Depois de 15 meses do novo Governo, e sem que surjam indícios de mudanças na política econômica, amplia-se o número de pessoas questionando a conduta governamental. A discussão tem estado centrada nas taxas de juros, colocando na berlinda o Ministério da Fazenda e o Banco Central, que comandam as decisões.

É irreal falar-se que a política econômica tenha algum gestor com comando efetivo, ou que possua alguma direção. Mais apropriado seria admitir que a Fazenda e o Banco Central se deixam comandar pelos humores de um enigmático mercado, que apóia com entusiasmo a passividade do Governo, na medida em que este proporciona a liberdade de movimentação de capitais – o vai-e-vem que trouxe, e levou, perto de US$ 300 bilhões desde 1995, primeiro ano do Plano Real; como também apóia a valorização crescente do dólar, mantido constante para afastar qualquer risco de câmbio sobre os movimentos especulativos decapitais; e festeja os aumentos de impostos e os superávits fiscais, com o que o Governo, se por um lado aprofunda a crise, por outro repete as tentativas infrutíferas de
fazer receitas que cubram as despesas com juros.

Mercado este que se entusiasma com os acordos do país com o FMI, que empresta dólares não para financiar desequilíbrios externos do Brasil, mas, sim, para garantir que, apesar de enfrentar uma dívida impagável, o país não recorrerá ao controle de capitais de curto prazo.

Como, nesse cipoal do não fazer, coloca-se a resistência do Banco Central em reduzir as taxas de juros? É claro que a respostanão é fácil, pois, afinal, nem nesse ponto os responsáveis pela inação mantêm uma versão lógica, justificando a opção; aliás, as versões vão sendo mudadas à medida em que o tempo passa.

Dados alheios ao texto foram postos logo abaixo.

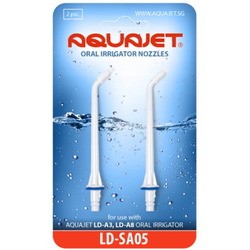 Насадки для зубных щеток Aqua-Jet LD-SA05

Primeiro se dizia que os juros não podiam ser reduzidos porque a inflação ainda não havia sido derrotada, em um raciocínio que, implicitamente reconhecia que a manutenção de juros reais elevados era uma necessidade para atrair recursos que financiassem a dívida externa e a dívida pública.

Noutro momento, o Governo bate de frente com a lógica, recorrendo a dogmas monetaristas insanos, justificando os juros como instrumento para conter a demanda. Isso numa economia estagnada, travada, inviabilizada pelo aumento brutal da carga tributária, numa ação suicida voltada para a tarefa de tentar conseguir pagar os juros dos temíveis gêmeos produzidos pelo Plano Real: o endividamento externo do país e o endividamento público interno e externo.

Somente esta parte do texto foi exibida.